Woodruff did not mention the individual mandate—a surprise, since it’s the sine qua non of the law and its most controversial provision. Instead she threw Lungren a softball, asking him to name “a few pieces of this that you want to see survive,” and failed to challenge him on what he said. Lungren blabbered about “patient-centered health care” and making sure that the “bureaucracy is not involved in this process,” and then got to that Republican hobby horse:
We have talked about preexisting conditions. In fact, we came forward with a much more vigorous program for having those pooled programs around the country for people with preexisting conditions. We ought to build on that.

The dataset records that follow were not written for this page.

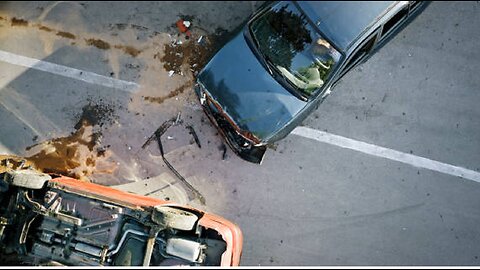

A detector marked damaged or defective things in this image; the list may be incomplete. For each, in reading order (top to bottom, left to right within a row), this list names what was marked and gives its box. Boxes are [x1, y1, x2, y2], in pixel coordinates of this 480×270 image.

crumpled hood [198, 31, 304, 141]
crashed car [195, 1, 428, 163]
crashed car [0, 156, 242, 266]
overturned car [0, 156, 242, 266]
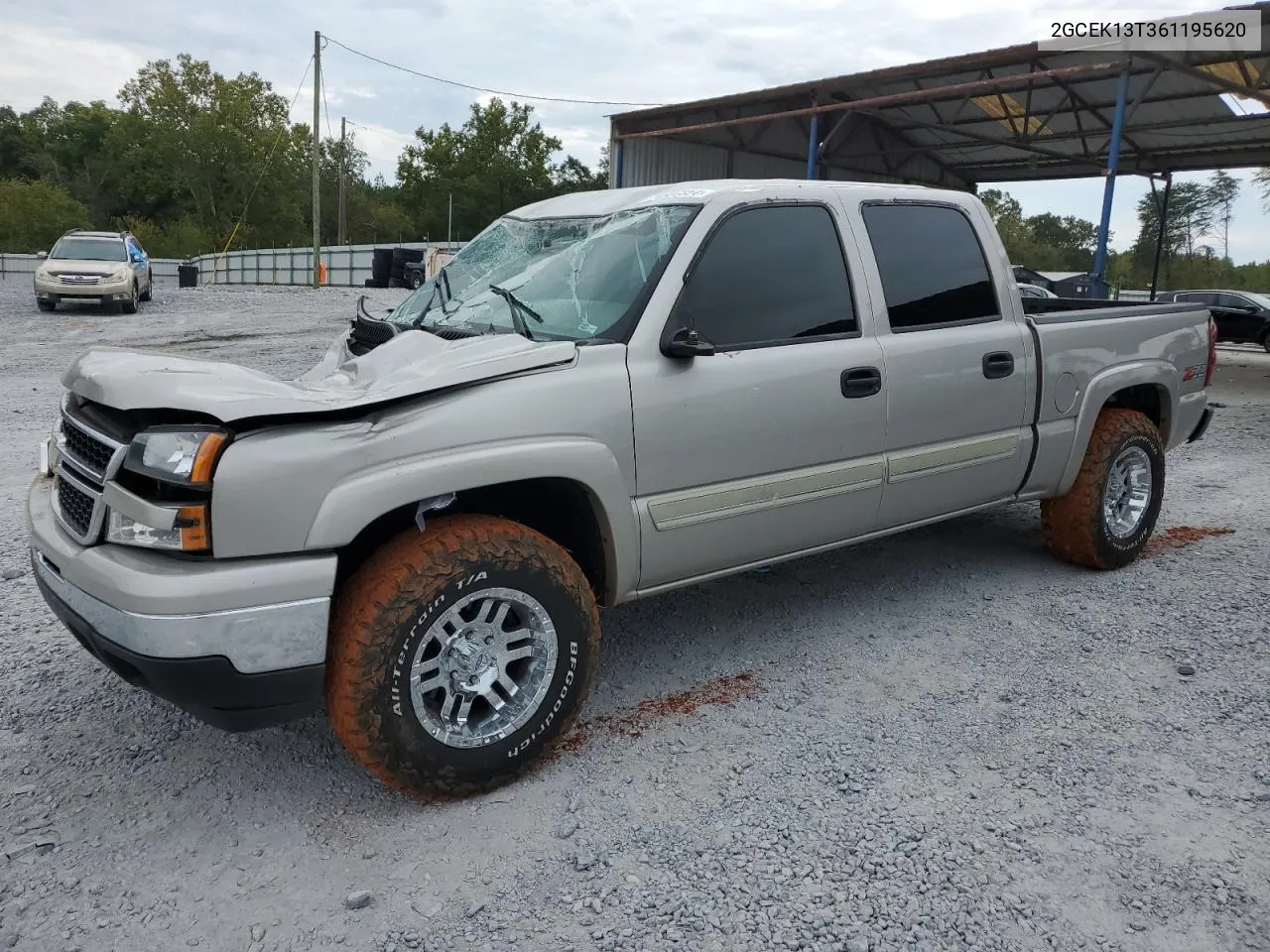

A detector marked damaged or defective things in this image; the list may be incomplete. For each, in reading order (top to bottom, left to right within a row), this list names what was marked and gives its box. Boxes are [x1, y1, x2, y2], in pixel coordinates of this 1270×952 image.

Congressman: That’s exactly what the health reform law did. It provided expanded risk pools for hard-to-insure people by giving a bunch of money to the states to ramp up their insurance offerings for sick people. There is just one problem—the expanded pools have yet to score a win. The same affliction that has historically plagued all state risk pools plagues the new ones as well. The premiums they must charge are too damn expensive for most people. Medicare’s chief actuary predicted that about 375,000 people would sign up for the new pools; in early November only 8000 had. Your staff needs to do some homework, and so do researchers and producers at the NewsHour. Your constituents and their viewers deserve better.

The uninsured are not the culprits in emergency rooms usage. A few years ago, a solid study from the Kaiser Family Foundation and the Actuarial Research Corp. found that those without insurance were no more likely to use the ERs than those with coverage.
That may be well and good - but the issue isn't merely frequency of use - it's who pays for that use.
Even if insured and uninsured persons went to the ER at identical rates with identical expenses - the bill for the insured visits would be paid by private insurance (or by the individuals as out of pocket)
The relevant questions are
1) What is the total expense of those uninsured ER visits?
2) What % of that expense is passed on to bills paid by other patients and their insurance? and
3) Do either of those numbers change under the new health law?
#1 Posted by Sotto Voce, CJR on Fri 21 Jan 2011 at 02:37 PM
Sotto Voce,
Taxpayers will foot the bill for Obamacare under which Medicaid has been expanded to 133 percent FPL and subsidized plans will be available for those citizens who are found eligible to shop at the Exchange.
So no matter how you slice it - ER usage, insured, uninsured - taxpayers, both state and federal, will pay for all of it AND will also be required to purchase plans that the gov't (health benefits commissioner) has decided are affordable based on a person's prior year income. Many probably won't be able to use the insurance b/c of the skimpy coverage (will be underinsured) OR they will be forced by the IRS to pay a costly penalty and will end up in the E.R. when they need medical care. See Trudy's ten-part series on the MA plan in the cjr archives. (The MA plan was the marketing tool and model for Obamacare.)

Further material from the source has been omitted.